WHAT TO PRODUCE:
The answer is the exact run of lines in the listing below from the line containing "Брюнетка след свирка ..." up to and including the line containing "2015 Renault Duster", with pictures removed.

INPUT:
··········
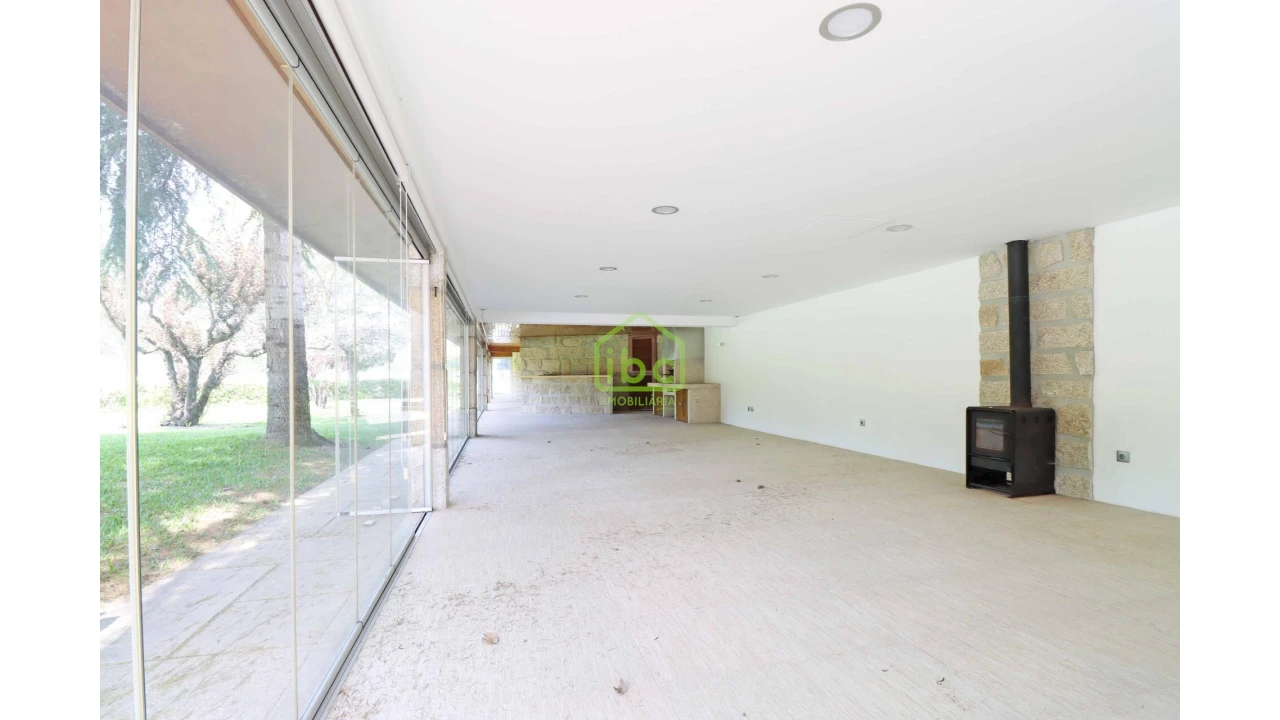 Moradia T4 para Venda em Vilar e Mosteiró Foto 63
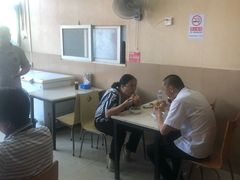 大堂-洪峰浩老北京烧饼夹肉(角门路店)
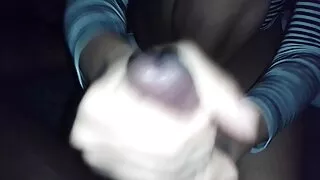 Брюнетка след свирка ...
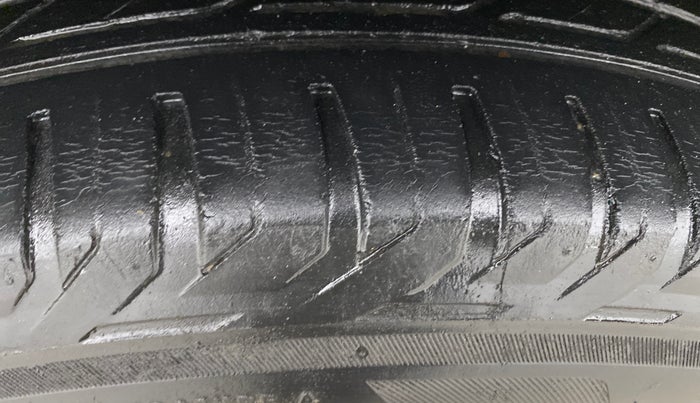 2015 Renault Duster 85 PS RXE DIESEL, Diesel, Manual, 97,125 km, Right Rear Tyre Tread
··········
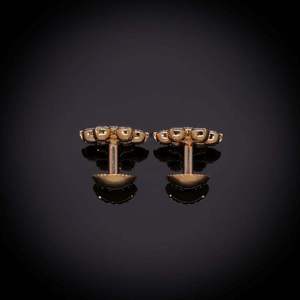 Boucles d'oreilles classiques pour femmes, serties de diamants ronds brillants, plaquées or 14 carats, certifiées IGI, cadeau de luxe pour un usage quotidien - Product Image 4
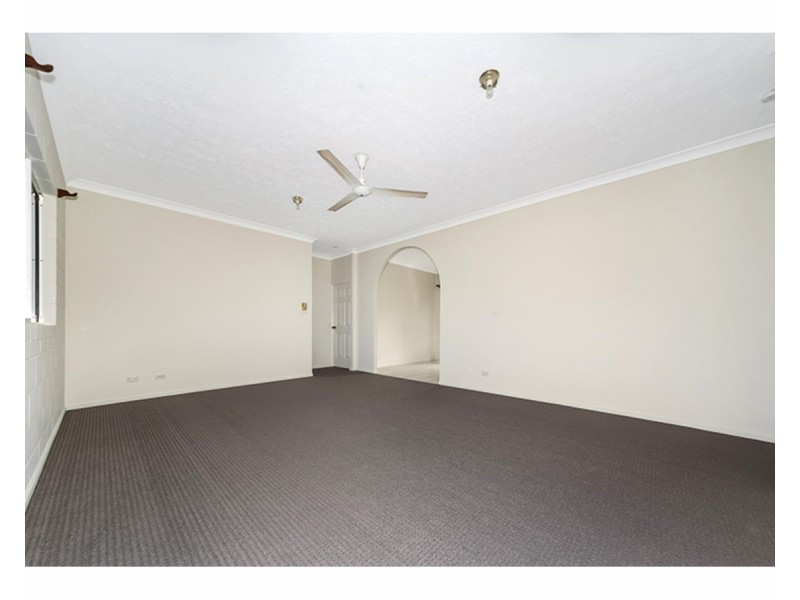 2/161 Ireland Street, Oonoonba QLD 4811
··········
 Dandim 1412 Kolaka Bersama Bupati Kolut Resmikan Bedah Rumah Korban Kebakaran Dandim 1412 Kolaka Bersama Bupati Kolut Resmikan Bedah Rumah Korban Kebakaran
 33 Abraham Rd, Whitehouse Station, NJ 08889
··········
FINISHED TASK:
 Брюнетка след свирка ...
 2015 Renault Duster 85 PS RXE DIESEL, Diesel, Manual, 97,125 km, Right Rear Tyre Tread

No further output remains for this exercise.